- Chad-e Bala Location within Iran
- Coordinates: 27°18′10″N 61°25′27″E﻿ / ﻿27.30278°N 61.42417°E
- Country: Iran
- Province: Sistan and Baluchestan
- County: Mehrestan
- District: Birk
- Rural District: Birk-e Sharqi

Population (2016)
- • Total: 522
- Time zone: UTC+3:30 (IRST)

= Chad-e Bala =

Village in Sistan and Baluchestan province, Iran

Chad-e Bala (چد بالا) (Note: Also romanized as Chād-e Bālā; also known as Chad-e Borzī) is a village in, and the capital of, Birk-e Sharqi Rural District of Birk District, Mehrestan County, (Note: Formerly Zaboli County) Sistan and Baluchestan province, Iran.

==Demographics==
===Population===
At the time of the 2006 National Census, the village's population was 396 in 80 households, when it was in Birk Rural District of the former Zaboli District of Saravan County.

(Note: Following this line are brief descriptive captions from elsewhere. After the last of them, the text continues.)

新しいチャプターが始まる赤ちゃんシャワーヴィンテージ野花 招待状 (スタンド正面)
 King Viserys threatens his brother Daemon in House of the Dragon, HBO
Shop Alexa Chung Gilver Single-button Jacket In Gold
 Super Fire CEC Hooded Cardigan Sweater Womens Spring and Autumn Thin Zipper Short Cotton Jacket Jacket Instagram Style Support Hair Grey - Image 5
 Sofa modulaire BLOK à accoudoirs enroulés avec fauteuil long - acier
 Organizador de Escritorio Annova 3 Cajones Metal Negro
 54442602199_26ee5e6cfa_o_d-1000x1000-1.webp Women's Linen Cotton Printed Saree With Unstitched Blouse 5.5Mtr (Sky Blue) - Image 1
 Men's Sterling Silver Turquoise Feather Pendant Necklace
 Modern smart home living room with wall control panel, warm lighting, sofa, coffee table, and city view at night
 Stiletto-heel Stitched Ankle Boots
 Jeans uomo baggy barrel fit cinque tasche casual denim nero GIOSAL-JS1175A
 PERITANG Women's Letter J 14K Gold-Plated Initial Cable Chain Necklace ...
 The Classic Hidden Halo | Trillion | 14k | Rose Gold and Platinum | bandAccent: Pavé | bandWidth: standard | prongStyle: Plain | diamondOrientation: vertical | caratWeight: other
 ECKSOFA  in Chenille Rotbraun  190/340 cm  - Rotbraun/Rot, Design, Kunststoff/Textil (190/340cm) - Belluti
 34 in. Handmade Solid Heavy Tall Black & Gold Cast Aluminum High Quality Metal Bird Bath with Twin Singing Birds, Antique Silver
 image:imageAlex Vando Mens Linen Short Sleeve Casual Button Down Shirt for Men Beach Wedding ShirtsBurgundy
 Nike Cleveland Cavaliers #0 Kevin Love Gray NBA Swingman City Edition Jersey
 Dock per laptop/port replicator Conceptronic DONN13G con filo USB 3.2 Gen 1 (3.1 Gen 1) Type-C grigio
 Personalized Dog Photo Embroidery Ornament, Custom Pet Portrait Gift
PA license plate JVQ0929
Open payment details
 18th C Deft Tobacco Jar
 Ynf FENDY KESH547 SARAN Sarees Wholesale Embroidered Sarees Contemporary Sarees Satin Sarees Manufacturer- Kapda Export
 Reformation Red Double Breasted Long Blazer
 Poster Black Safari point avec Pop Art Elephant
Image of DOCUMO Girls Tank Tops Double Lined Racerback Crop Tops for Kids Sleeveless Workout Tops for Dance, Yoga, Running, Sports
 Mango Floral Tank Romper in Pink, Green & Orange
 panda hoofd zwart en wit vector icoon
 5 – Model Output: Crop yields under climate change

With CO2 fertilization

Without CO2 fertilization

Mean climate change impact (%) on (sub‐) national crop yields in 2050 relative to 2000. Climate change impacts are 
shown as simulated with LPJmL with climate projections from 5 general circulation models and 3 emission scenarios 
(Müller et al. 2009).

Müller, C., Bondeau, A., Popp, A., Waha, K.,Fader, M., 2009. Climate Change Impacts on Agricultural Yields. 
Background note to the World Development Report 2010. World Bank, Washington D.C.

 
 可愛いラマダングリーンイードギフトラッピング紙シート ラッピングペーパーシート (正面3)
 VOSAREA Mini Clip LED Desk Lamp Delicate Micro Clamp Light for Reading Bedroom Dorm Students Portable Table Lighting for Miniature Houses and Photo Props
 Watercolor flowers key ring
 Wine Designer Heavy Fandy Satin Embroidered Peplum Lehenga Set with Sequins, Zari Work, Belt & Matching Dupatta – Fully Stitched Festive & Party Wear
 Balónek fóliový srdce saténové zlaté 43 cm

The following census in 2011 counted 293 people in 64 households, by which time the district had been separated from the county in the establishment of Zaboli County. (Note: Renamed Mehrestan County) The rural district was transferred to the new Central District. The 2016 census measured the population of the village as 522 people in 117 households.

After the census, the rural district was separated from the district in the formation of Birk District, and Chad-e Bala was transferred to Birk-e Sharqi Rural District created in the new district.